No. Whatever happened, whatever awful thing they had in store for her, she had to preserve her dignity to the last.
She went back into the bedroom and slumped on the bed. ‘I’m so sorry, Raul,’ she said out loud. ‘I tried. I really did.’
At that moment, the Lamborghini was hurtling along the autostrada like a bright yellow rocket fired from a launcher. Ben was frantically overtaking everything in front of him, his reflexes working right on the edge of sensory overload as the speedometer flirted with heights of over three hundred kilometres an hour. At that howling, screaming mad speed he couldn’t snatch his eyes off the road to glance in the rearview mirror for more than a tiny fraction of a second. When he did, he kept expecting to see distant blue lights flashing in his wake. He must have triggered a thousand speed traps already, and it was just a question of time before the Polizia Stradale decided to hook and reel him in. Let them even try.
Speeding west from Brindisi, he’d sliced diagonally across the heel of Italy from coast to coast. Now he was curving southwards and skirting the Gulf of Táranto, which meant he was almost halfway to where he needed to be, and still not going fast enough, not even in a road-going missile that he’d learned from practical experience could accelerate from a standstill to two hundred kilometres an hour in under seven and a half seconds.
Two big articulated long-haul freight trucks were up ahead, coming up so quickly that they could have been standing still, or even reversing towards him. He swore as one of them pulled out lazily into the overtaking lane to lumber past the other, taking its time. Two abreast, they filled the road right in Ben’s path, and he had neither the luxury nor the intention of slowing down for them.
A racing downshift of the six-speed box, and the all-wheel drive bit down even harder on the road and the mid-mounted V12 engine howled behind him as he stamped down on the pedal and aimed the nose of the car right for the gap. It felt like diving a fighter jet into a canyon tight enough to scrape his wingtips on both sides. For a terrifying moment, the looming sides of the trucks were like huge walls closing in on him and he didn’t think he was going to make it. He gritted his teeth and kept his foot down hard, and then he was through and screaming out the other side and leaving them behind like two children’s toys shrinking in his mirror.
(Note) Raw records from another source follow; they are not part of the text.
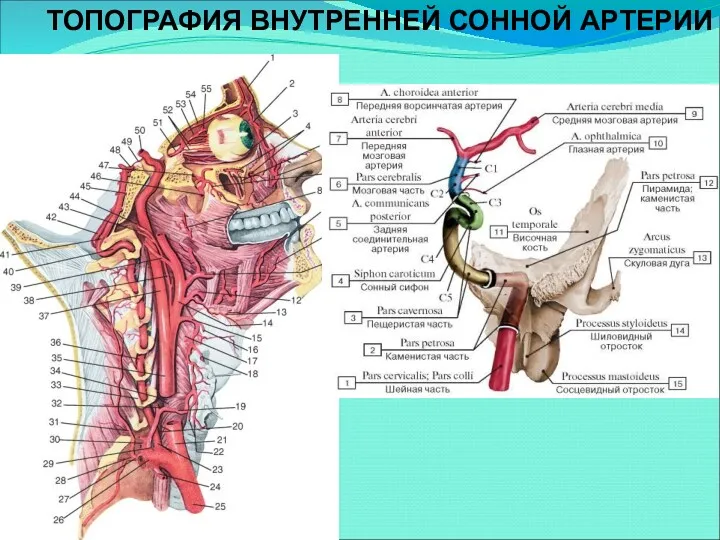 ТОПОГРАФИЯ ВНУТРЕННЕЙ СОННОЙ АРТЕРИИ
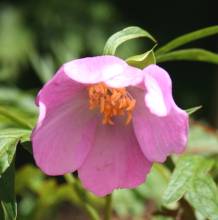 Paeonia veitchii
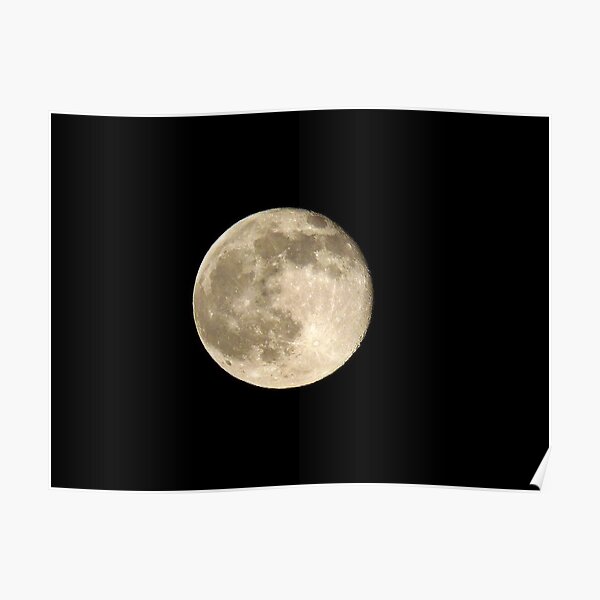 Strawberry Moon Rose Gifts & Merchandise for Sale | Redbubble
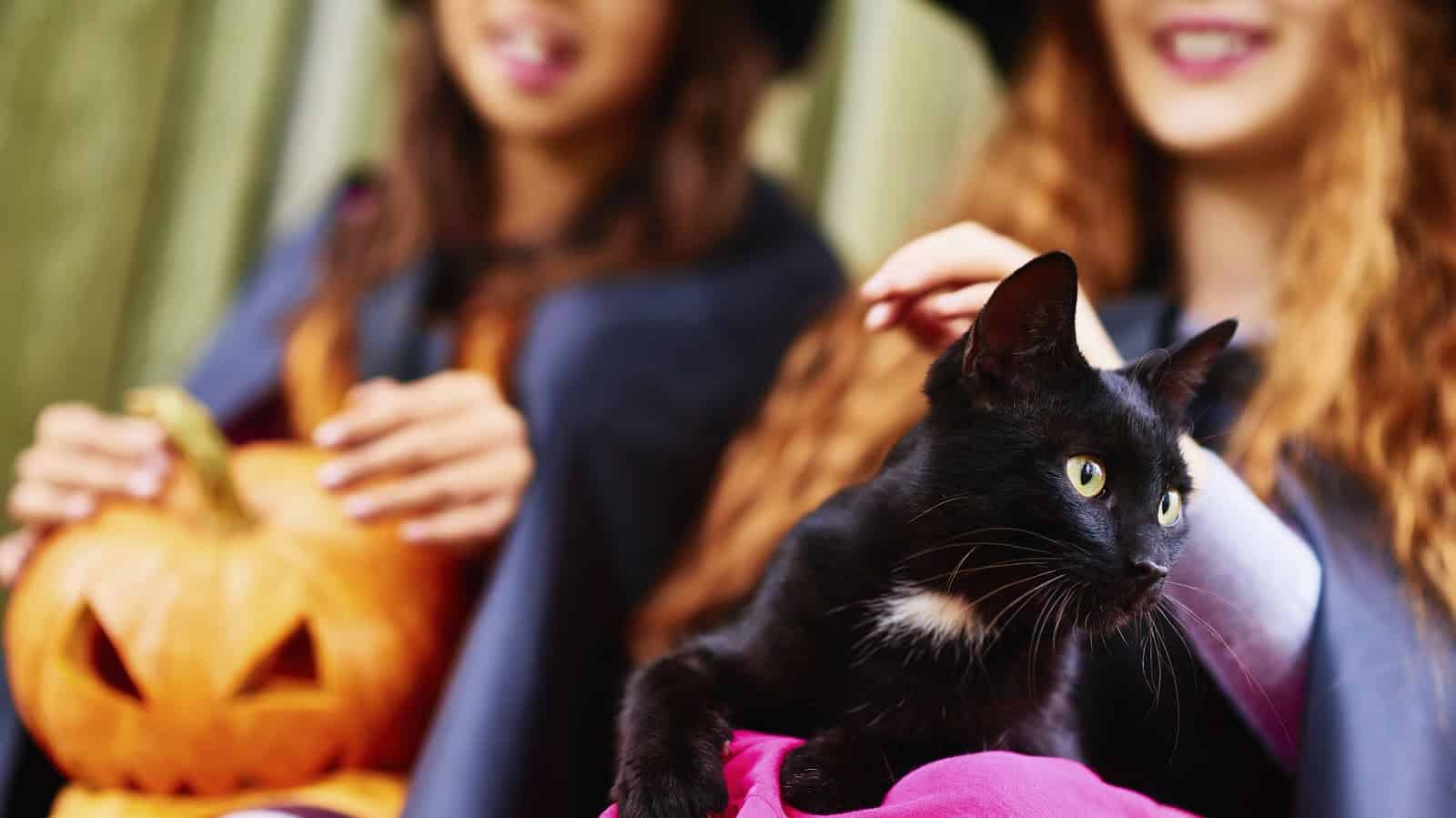 Halloween Pet Costumes: Is Your Pet Really Ready?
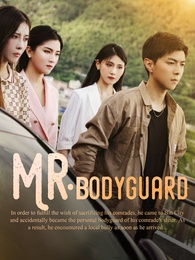 Mr. Bodyguard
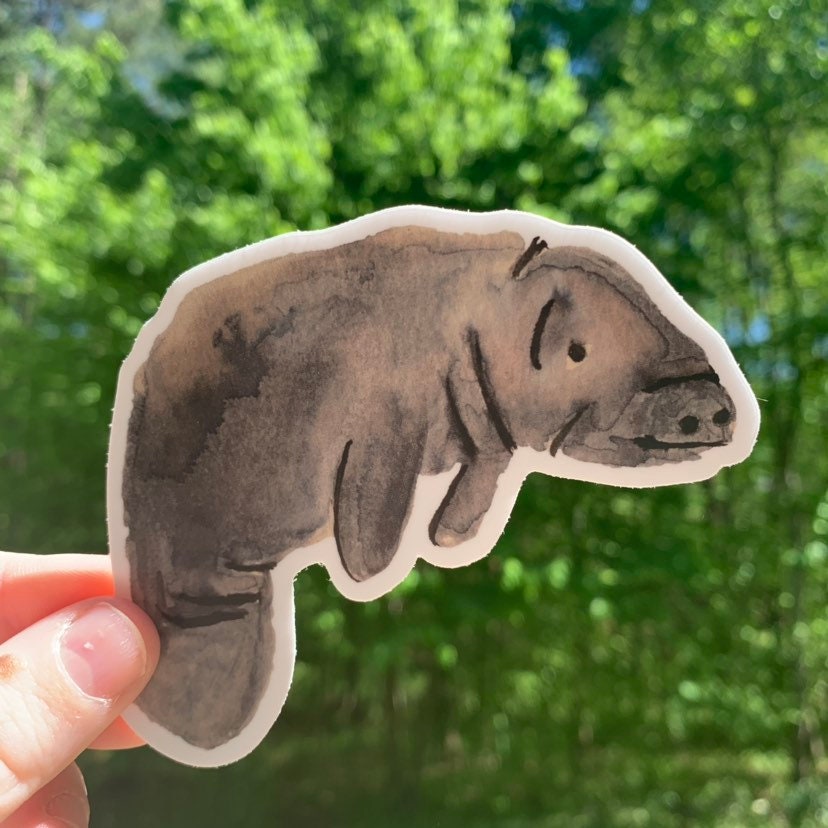 Watercolor Grey Manatee Sticker, animal watercolor painting vinyl decal, florida sticker, florida wildlife, tropical animal, sea life, ocean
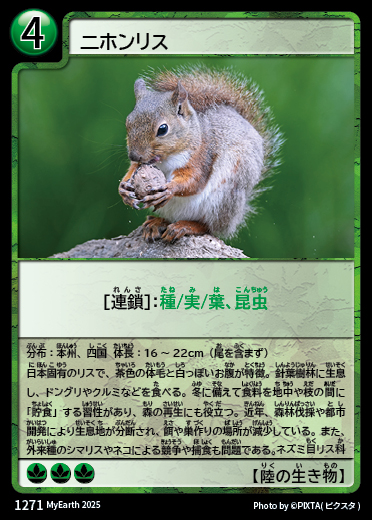 ニホンリス カード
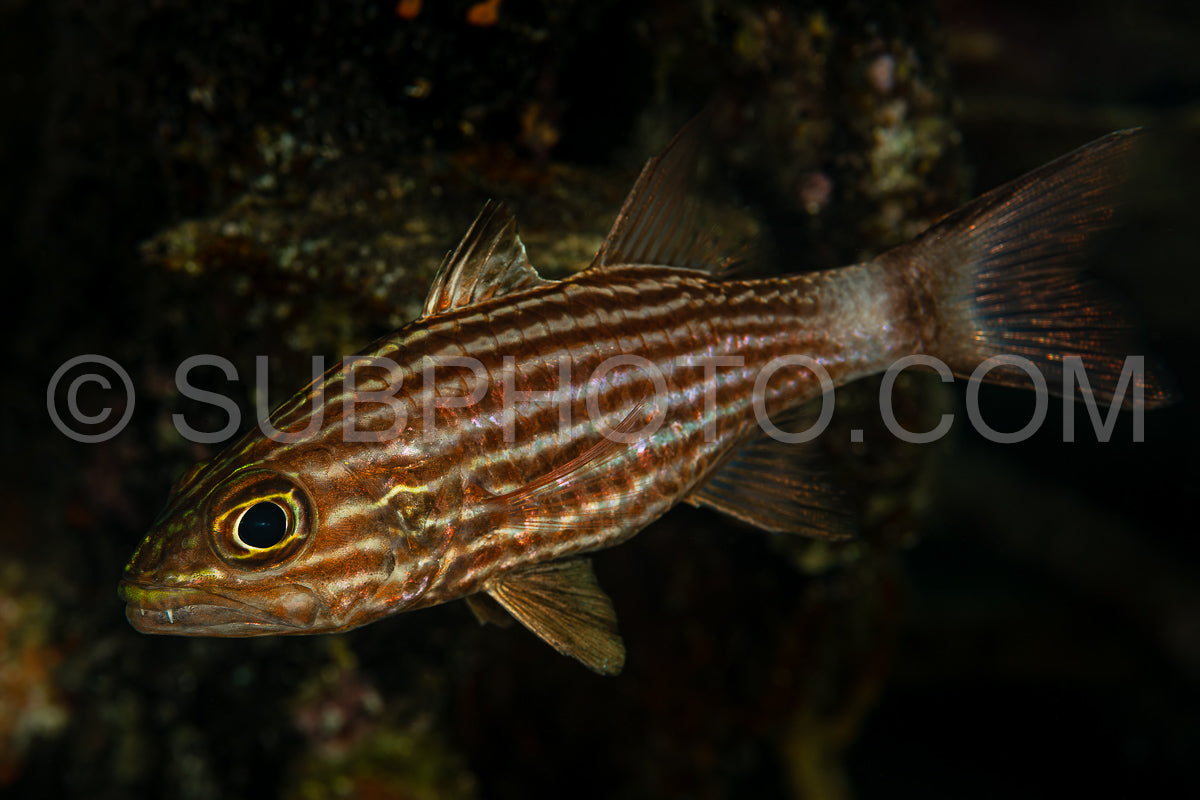 tiger cardinalfish fish with promiment pointed teeth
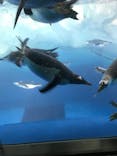 名古屋港水族館に投稿された画像（2021/12/12）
Another life gone. It was a good way to keep the heart in shape.
The first rule of strategic planning was to have some kind of plan. Ben had none. None at all. He didn’t know what he was going into. He didn’t know what he was going to find when he got there. He didn’t even know if he was going to get there in time. All he knew was that he had to keep moving like a rifle bullet. Nothing could be allowed to stop him. They could put up a roadblock, and it wouldn’t even slow him down. They could call in an air strike, a tank division or a long-range massed artillery barrage to blow up the damn road under his wheels. And even then, he’d keep going.
‘Hold on, Catalina,’ he muttered. But the howl of the engine and the blast of the wind ripped the words out of his mouth.
He was going to find her again. And when he did find her, dead or alive, then somebody was going to have a very, very bad day.